━━━ Data ━━━
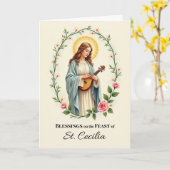 Heilige Cecilia Feestdag Zegeningen Bloemenkrans Kaart (Gele Bloem)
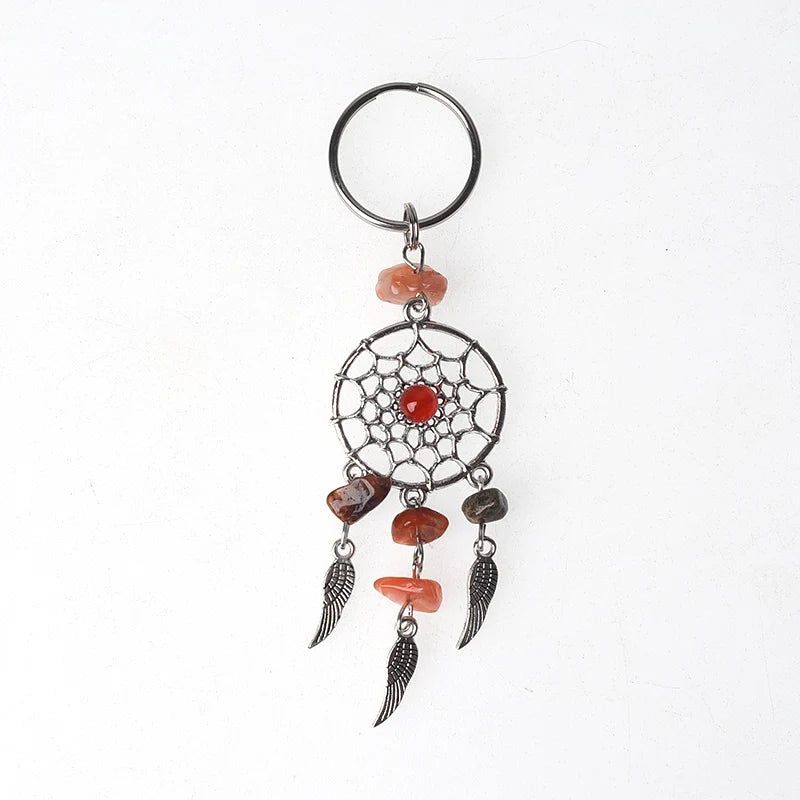 Hot Selling Keyring Stainless Steel Natural Gemstone Crystal Keychain Dreamcatcher Key Ring for Accessories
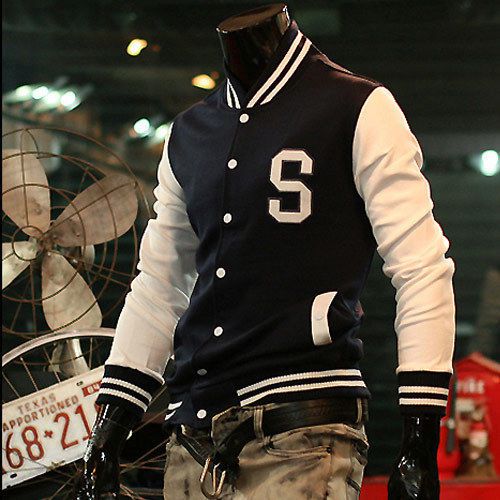 Stylish men&#039;s sweater S letter baseball shirt baseball uniform jacket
━━━
Assignment = The job here is to retype the data exactly, with no pictures included.

Solution =
 Heilige Cecilia Feestdag Zegeningen Bloemenkrans Kaart (Gele Bloem)
 Hot Selling Keyring Stainless Steel Natural Gemstone Crystal Keychain Dreamcatcher Key Ring for Accessories
 Stylish men&#039;s sweater S letter baseball shirt baseball uniform jacket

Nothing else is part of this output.